You should ultimately see a log very similar to the one above:

log

vpsadmin@vps-server:~$ acme.sh --issue -d subdomain.yourdomain.com -w /home/vpsadmin/www/webpage --keylength ec-256
[Wed 30 Dec 2022 15:22:51 AM EST] Using CA: https://acme-v02.api.letsencrypt.org/directory
[Wed 30 Dec 2022 15:22:51 AM EST] Creating domain key
[Wed 30 Dec 2022 15:22:51 AM EST] The domain key is here: /home/vpsadmin/.acme.sh/subdomain.yourdomain.com_ecc/subdomain.yourdomain.com.key
[Wed 30 Dec 2022 15:22:51 AM EST] Single domain='subdomain.yourdomain.com'
[Wed 30 Dec 2022 15:22:51 AM EST] Getting domain auth token for each domain
[Wed 30 Dec 2022 15:22:51 AM EST] Getting webroot for domain='subdomain.yourdomain.com'
[Wed 30 Dec 2022 15:22:51 AM EST] Verifying: subdomain.yourdomain.com
[Wed 30 Dec 2022 15:22:51 AM EST] Pending
[Wed 30 Dec 2022 15:22:51 AM EST] Success
[Wed 30 Dec 2022 15:22:51 AM EST] Verify finished, start to sign.
[Wed 30 Dec 2022 15:22:51 AM EST] Lets finalize the order.
[Wed 30 Dec 2022 15:22:51 AM EST] Le_OrderFinalize='https://acme-v02.api.letsencrypt.org/acme/finalize/490205996/7730242872'
[Wed 30 Dec 2022 15:22:51 AM EST] Downloading cert.
[Wed 30 Dec 2022 15:22:51 AM EST] Le_LinkCert='https://acme-v02.api.letsencrypt.org/acme/cert/vsxvk0oldnuobe51ayxz4dms62sk2dwmw9zhuw'
[Wed 30 Dec 2022 15:22:51 AM EST] Cert success.
--BEGIN CERTIFICAT--
sxlYqPvWreKgD5b8JyOQX0Yg2MLoRUoDyqVkd31PthIiwzdckoh5eD3JU7ysYBtN
cTFK4LGOfjqi8Ks87EVJdK9IaSAu7ZC6h5to0eqpJ5PLhaM3e6yJBbHmYA8w1Smp
... (omitted for brevity) ...
yiLKcBFc5H7dgJCImo7us7aJeftC44uWkPM=
--END CERTIFICAT--
[Wed 30 Dec 2022 15:22:52 AM EST] Your cert is in  /home/vpsadmin/.acme.sh/subdomain.yourdomain.com_ecc/subdomain.yourdomain.com.cer
[Wed 30 Dec 2022 15:22:52 AM EST] Your cert key is in  /home/vpsadmin/.acme.sh/subdomain.yourdomain.com_ecc/subdomain.yourdomain.com.key
[Wed 30 Dec 2022 15:22:52 AM EST] The intermediate CA cert is in  /home/vpsadmin/.acme.sh/subdomain.yourdomain.com_ecc/ca.cer
[Wed 30 Dec 2022 15:22:52 AM EST] And the full chain certs is there:  /home/vpsadmin/.acme.sh/subdomain.yourdomain.com_ecc/fullchain.cer

Look closely, and you will find that the issuer domain this time is https://acme-v02.api.letsencrypt.org. The staging is gone, which naturally means it is the "Official Server" (Production)!

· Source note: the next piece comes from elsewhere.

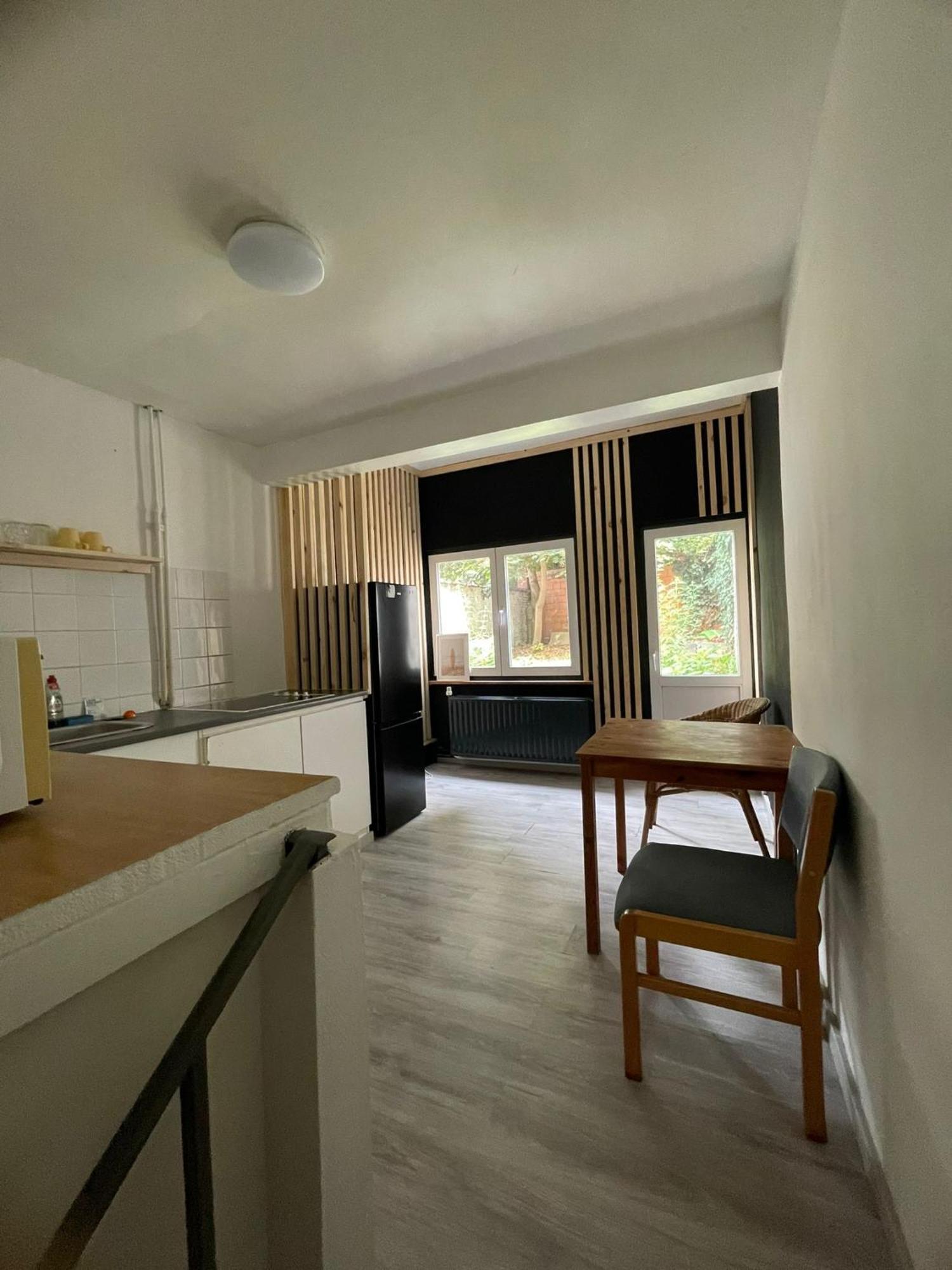 European District Apartment Zero Bruxelles Extérieur photo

6.5 Certificate Installation

After the certificate application is complete, it needs to be installed. Install it to the specified location and reference it in the configuration file:

shell

vpsadmin@vps-server:~$ acme.sh --installcert -d subdomain.yourdomain.com --cert-file /path/to/installation/cert.crt --key-file /path/to/installation/cert.key --fullchain-file /path/to/installation/fullchain.crt --ecc
[Mon 14 Feb 2022 03:00:25 PM CST] Installing cert to: /etc/xray/cert/cert.crt
[Mon 14 Feb 2022 03:00:25 PM CST] Installing key to: /etc/xray/cert/cert.key
[Mon 14 Feb 2022 03:00:25 PM CST] Installing full chain to: /etc/xray/cert/fullchain.crt

6.6 Your Progress

At this point, the two pieces of infrastructure required by Xray are finally in place! The long-awaited Xray is about to be unveiled. We are finally entering the most exciting chapter!